TASK INSTRUCTIONS: Leaving every image behind, reproduce the records word for word.

(AVAILABLE DATA Opens)

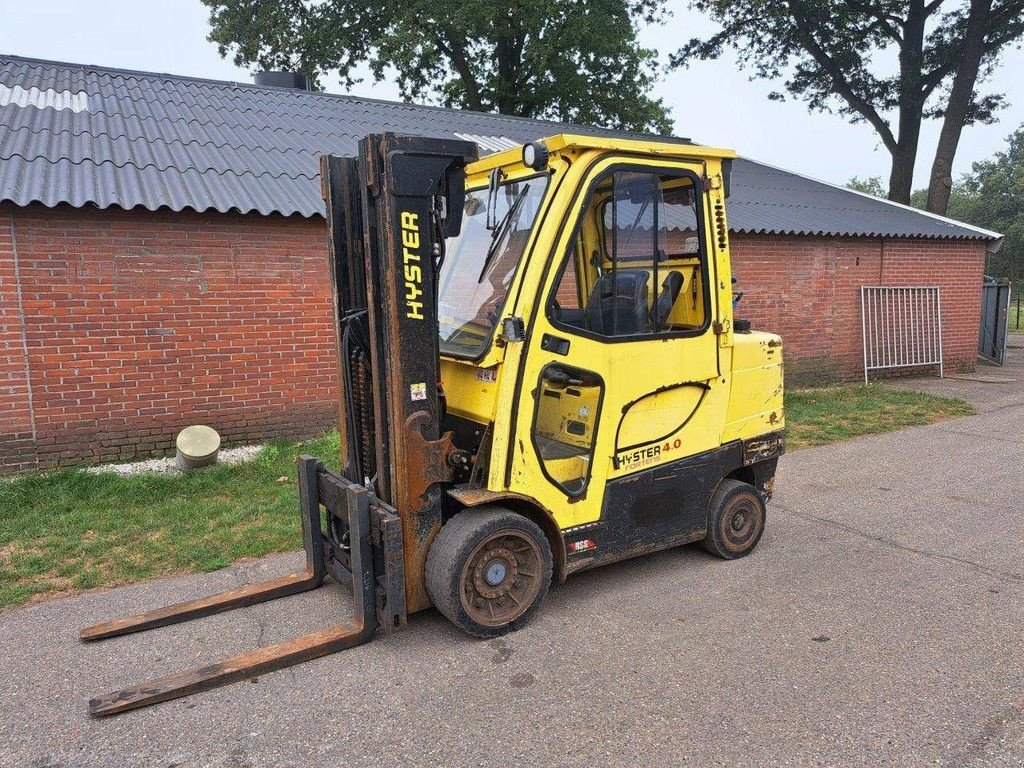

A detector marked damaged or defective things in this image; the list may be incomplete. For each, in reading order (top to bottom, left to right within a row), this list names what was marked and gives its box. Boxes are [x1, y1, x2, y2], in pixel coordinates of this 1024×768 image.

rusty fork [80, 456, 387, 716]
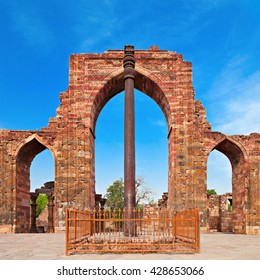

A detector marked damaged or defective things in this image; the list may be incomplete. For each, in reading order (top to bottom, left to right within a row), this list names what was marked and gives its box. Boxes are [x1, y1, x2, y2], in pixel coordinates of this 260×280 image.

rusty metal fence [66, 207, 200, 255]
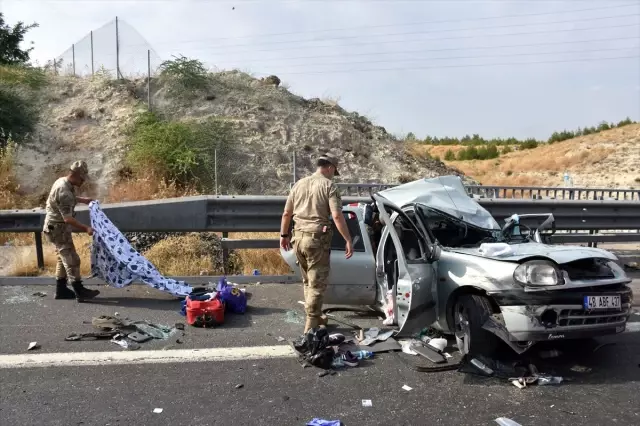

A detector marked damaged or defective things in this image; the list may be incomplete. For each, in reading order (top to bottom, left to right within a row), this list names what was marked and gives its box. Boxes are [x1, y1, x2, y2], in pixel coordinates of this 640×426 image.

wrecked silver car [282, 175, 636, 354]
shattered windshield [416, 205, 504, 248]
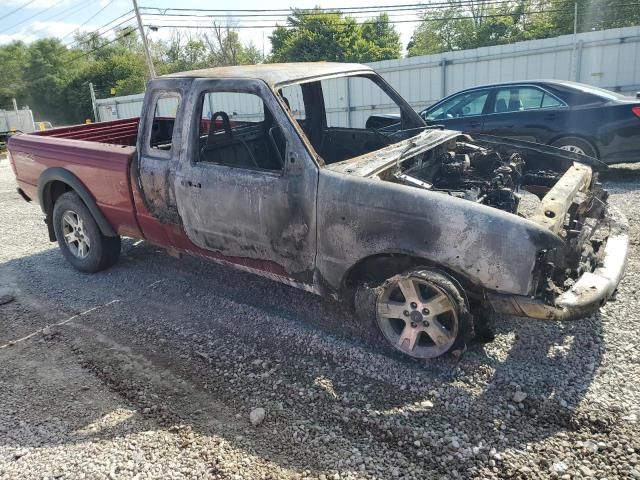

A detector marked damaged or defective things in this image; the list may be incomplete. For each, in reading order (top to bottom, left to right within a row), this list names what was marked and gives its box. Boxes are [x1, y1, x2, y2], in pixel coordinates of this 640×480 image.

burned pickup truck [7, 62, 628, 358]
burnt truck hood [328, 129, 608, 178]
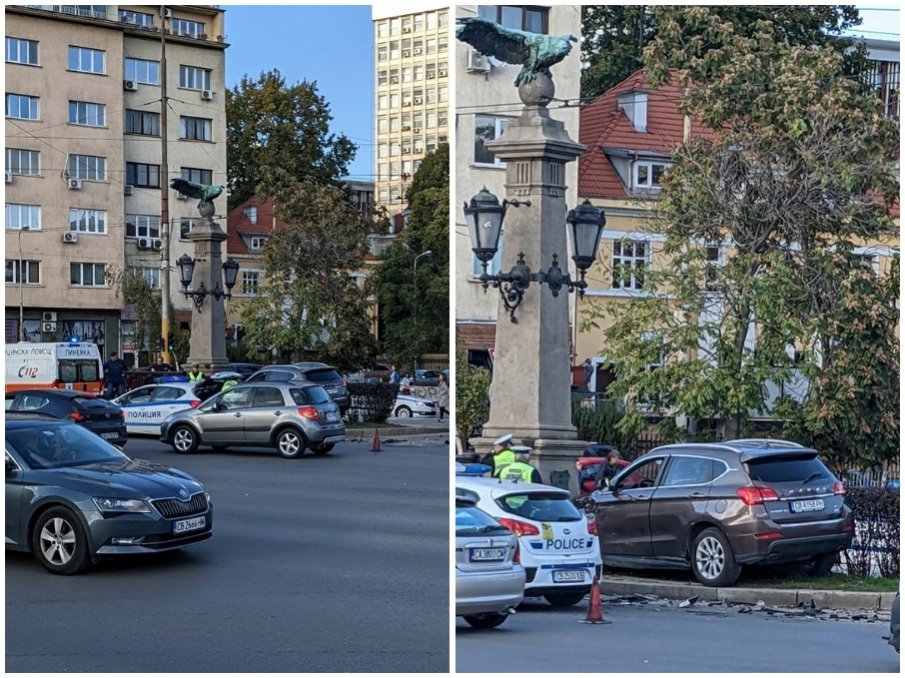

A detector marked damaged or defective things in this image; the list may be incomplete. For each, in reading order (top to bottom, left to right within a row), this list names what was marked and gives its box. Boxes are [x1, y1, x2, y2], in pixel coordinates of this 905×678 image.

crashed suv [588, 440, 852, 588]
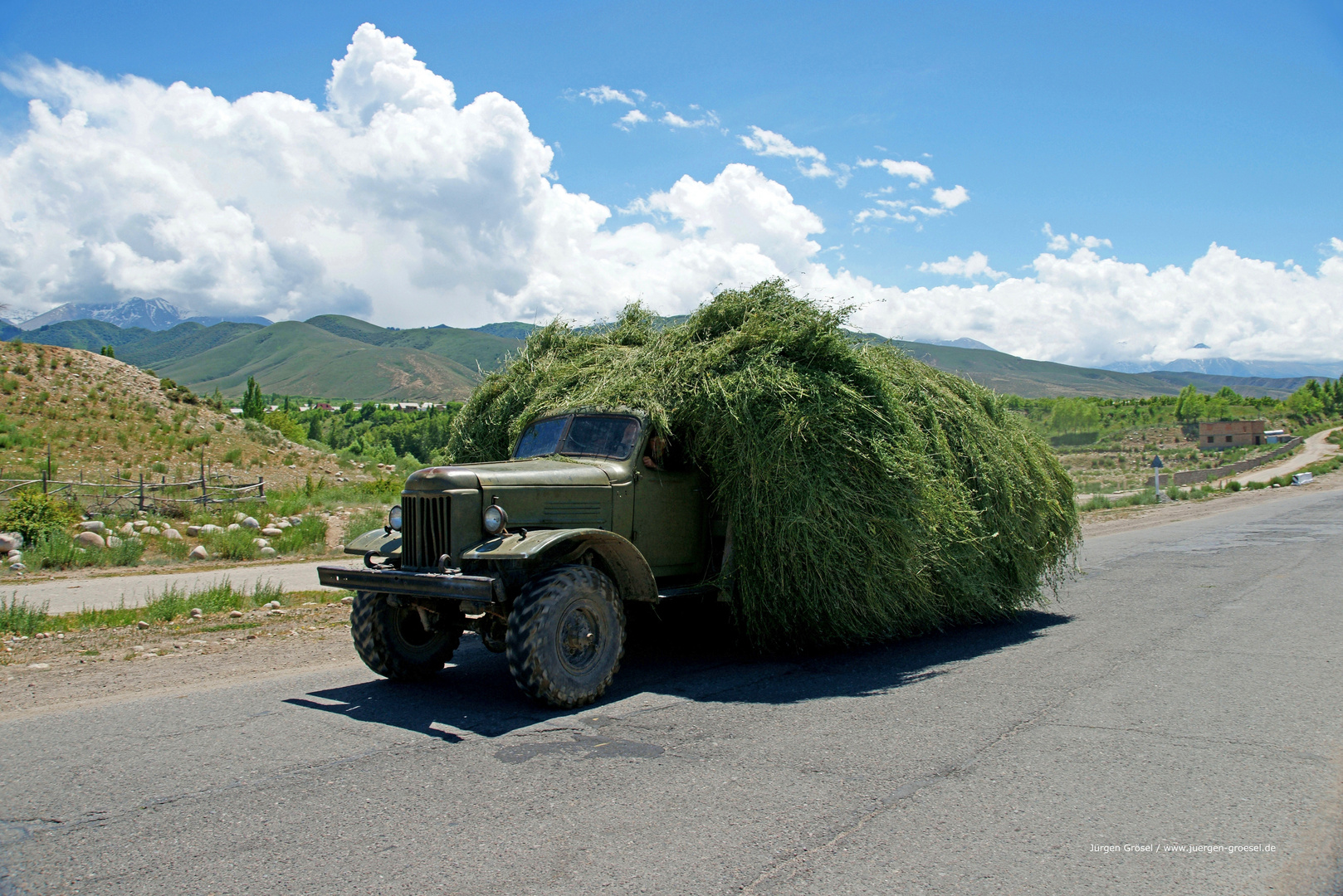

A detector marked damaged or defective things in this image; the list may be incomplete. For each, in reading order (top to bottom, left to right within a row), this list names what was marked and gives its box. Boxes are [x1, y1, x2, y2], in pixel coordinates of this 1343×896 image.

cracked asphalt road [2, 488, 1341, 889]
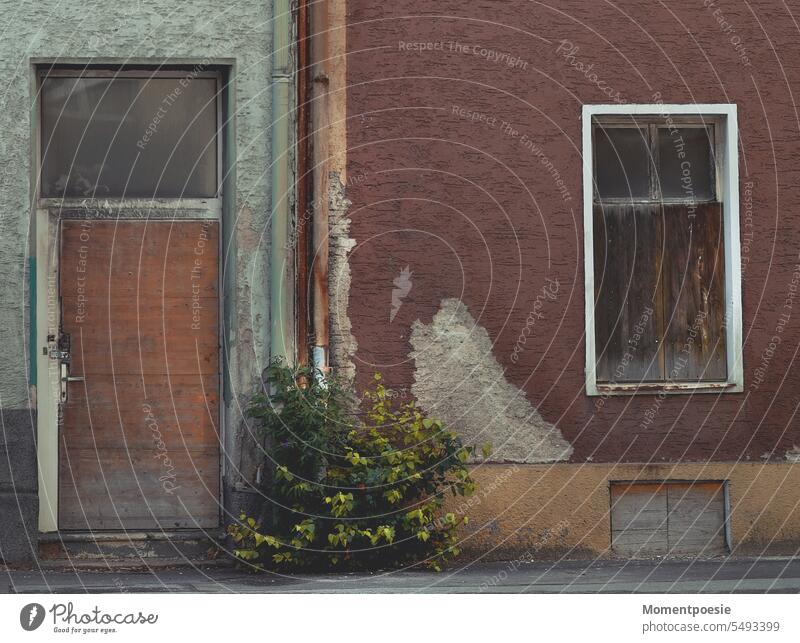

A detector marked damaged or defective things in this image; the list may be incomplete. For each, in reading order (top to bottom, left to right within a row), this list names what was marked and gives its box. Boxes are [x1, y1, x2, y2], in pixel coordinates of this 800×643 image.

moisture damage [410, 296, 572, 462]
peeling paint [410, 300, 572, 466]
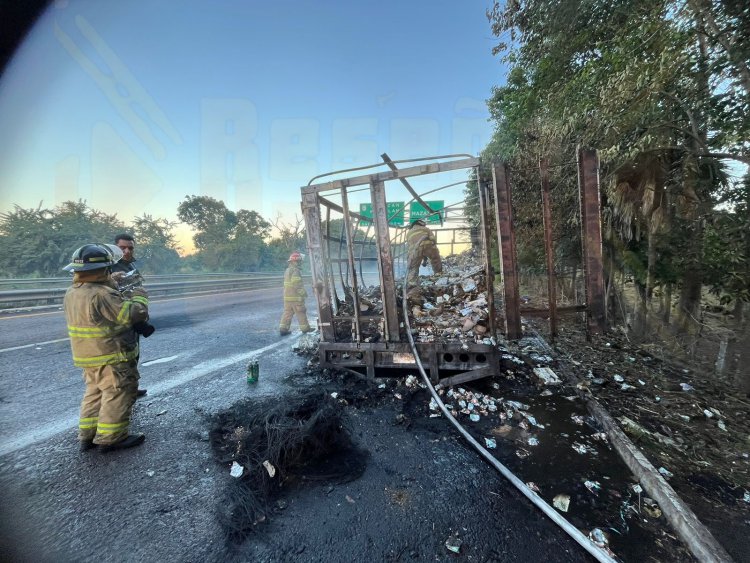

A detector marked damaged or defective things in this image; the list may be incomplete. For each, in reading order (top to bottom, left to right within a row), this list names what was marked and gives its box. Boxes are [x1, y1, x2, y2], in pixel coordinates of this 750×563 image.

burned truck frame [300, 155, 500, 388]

(AVAILABLE DATA Closes)

RESPONSE BOX:
A detector marked damaged or defective things in this image; the list may be incomplete. For each, in reading order (top to bottom, left to right within a row), this list names what was marked and gives its box. Boxes are [x1, y1, x2, y2], in pixel coordinates of this 1024×768 image.

rusty fork [80, 456, 387, 716]

A detector marked damaged or defective things in this image; the list may be incomplete. For each, in reading order (top to bottom, left to right within a row), this list names what was marked and gives its box. Boxes are [x1, y1, x2, y2], in pixel coordinates of this 260×280 image.

rusty metal fence [66, 207, 200, 255]

A detector marked damaged or defective things in this image; the list may be incomplete. For each, in reading order (top to bottom, left to right within a row), this list names what was marked and gives its box. Boxes are [x1, y1, x2, y2], in pixel coordinates of this 640×426 image.

wrecked silver car [282, 175, 636, 354]
shattered windshield [416, 205, 504, 248]

A detector marked damaged or defective things in this image; the list may be incomplete. For each, in reading order (top to bottom, left to right within a row), this list names what was marked and gives its box. Boxes are [x1, y1, x2, y2], in pixel coordinates of this 640×480 image.

burned pickup truck [7, 62, 628, 358]
burnt truck hood [328, 129, 608, 178]

A detector marked damaged or defective things in this image; the list may be incomplete. For each, in reading order (top to bottom, left to right within a row), this list names what was marked and gives its box. Boxes are [x1, y1, x2, y2], in pixel coordinates of this 905×678 image.

crashed suv [588, 440, 852, 588]

A detector marked damaged or defective things in this image; the list may be incomplete. For each, in reading order (top to bottom, left to right within a row), this list names what was marked and gives its box. Boxes are [x1, y1, x2, y2], in pixel coordinates of this 1343×896 image.

cracked asphalt road [2, 488, 1341, 889]

A detector marked damaged or defective things in this image; the list may be incomplete. For each, in reading order (top to bottom, left to right within a row), this list names what was marked and gives its box. Boxes are [x1, y1, x2, y2], in pixel coordinates of this 800×643 image.

moisture damage [410, 296, 572, 462]
peeling paint [410, 300, 572, 466]

A detector marked damaged or defective things in this image; the list may be incomplete. For each, in reading order (top to bottom, left to right within a row), this list names what was marked and gives its box. Boxes are [x1, y1, x2, y2], in pixel coordinates of this 750×563 image.

burned truck frame [300, 155, 500, 388]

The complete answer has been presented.